Hiawatha Bailey is a long-standing face on the Ann Arbor/Detroit scene, a close friend of the band who worked as road crew/sound man for Destroy All Monsters. As a performer in his own right he also shared many bills as a member of The Cult Heroes. He recalls seeing an early DAM show at the college: “It was kind of ’50s beatnik and way out in a way.”
It is after the departure of founder members Shaw and Kelley that Larry and Ben Miller joined the Monsters and helped to set off a newer, jazzier and refined approach to the art sonics of the earlier incarnation. But it was once former Stooges and MC5 members Ron Asheton and (a freshly released from prison) Mike Davis joined the gang that all bets were off and Destroy All Monsters became a more fully-fledged rock band with Niagara front and centre sipping on her (now legendary) can of Tab, her wild mane streaked and piled atop her head, and dressed in some of the finest mini-skirts, heels and leopard print brassieres the budget of an aspiring artist will allow.
“Mike (Davis/MC5) and I were in together at Lexington,” recalls Hiawatha. “After I was released I ended up staying at a friend’s place at Whitmore Lake on about 100 acres... Mike came up there for New Year after being at his father’s place in Detroit... I had set up some space to play... More people ended up coming over and Ron told me about Niagara.” It was up at this property that the new high-energy version of Destroy All Monsters first began to get it together.
It is without doubt that the signing on of Ron Asheton and Mike Davis and their contributions musically brought Destroy All Monsters out of the artistic shadows and onto the much larger world stage. The increasing profile of all things “punk rock” and the influence of Asheton’s and Davis’s former bands on the new “punk” groups – even though their previous bands had only been broken up a few years at that point – allowed Destroy All Monsters to get their mugs in magazines like Creem, Rock Scene, Bomp and others. Asheton’s knack for a crafty, hypnotic riff and his experience working with one-of-a-kind front persons clearly also helped broaden Niagara’s often monochromatic vocal styling’s and appeal.
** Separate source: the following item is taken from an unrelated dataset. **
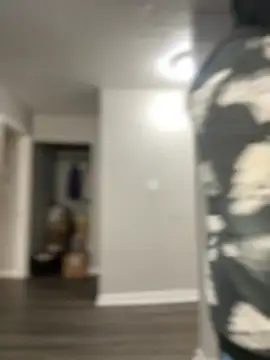 4kUsh2Fashion0 online show from 10/23/25, 01:10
You could say that Ron and Mike brought a bit more “chrome” in general to the Destroy All Monsters camp (pun intended). As interesting as some of the ideas of the early DAM incarnation were they were still a group of young artists exploring and learning how to apply their chosen aesthetics. Nothing wrong of course with artistic experimentation and it certainly works for Destroy All Monsters on the early tracks like ‘From Edgar Cayce’ or ‘Silver Noise Kill Kill’.